> [WHAT YOU WILL DO] Starting at the line that contains "園田競馬場のトークショーに出演した今村聖奈（撮影・中山伸治）", output each line exactly as written through the end of the listing below, but leave out the pictures.

[[ EXTRACTED ENTRIES, beginning ]]

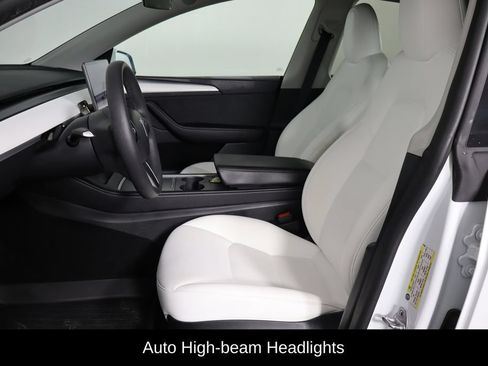 Used 2024 Tesla Model Y Long Range AWD/4WD image 13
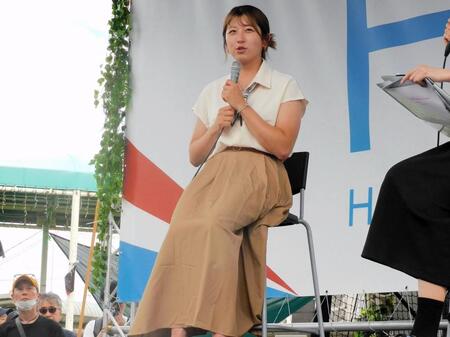 園田競馬場のトークショーに出演した今村聖奈（撮影・中山伸治）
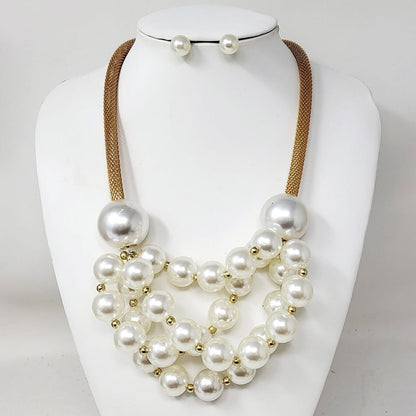 Opulent Pearl Cluster
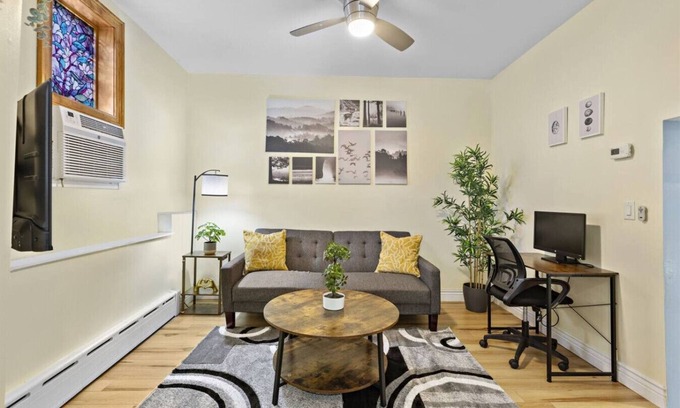 Constable Hook House | Cozy Apartment with Max Comfort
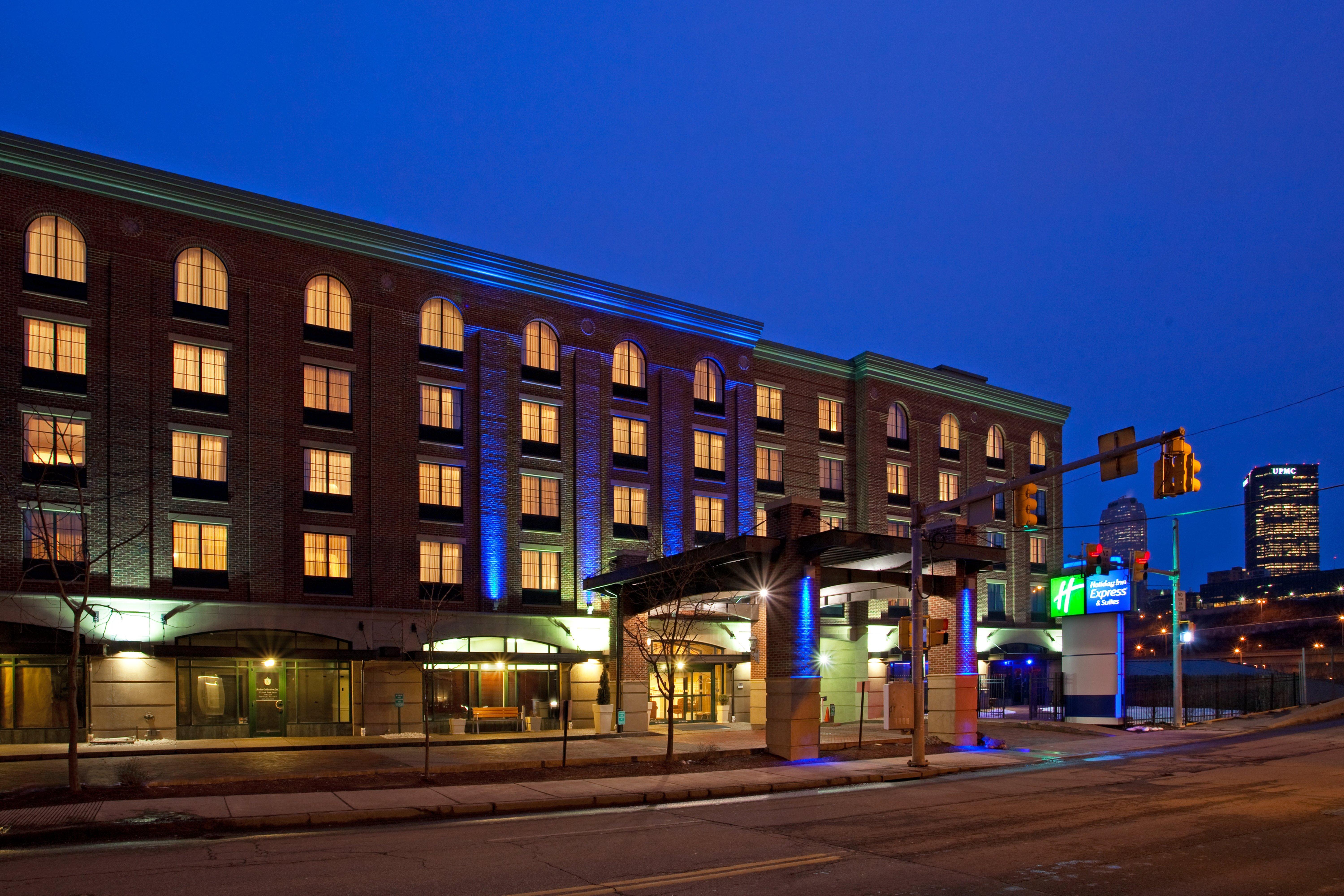 Holiday Inn Express Hotel & Suites Pittsburgh-South Side By Ihg מראה חיצוני תמונה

[[ EXTRACTED ENTRIES, end ]]

> [OUTPUT FOR THIS EXERCISE]
 園田競馬場のトークショーに出演した今村聖奈（撮影・中山伸治）
 Opulent Pearl Cluster
 Constable Hook House | Cozy Apartment with Max Comfort
 Holiday Inn Express Hotel & Suites Pittsburgh-South Side By Ihg מראה חיצוני תמונה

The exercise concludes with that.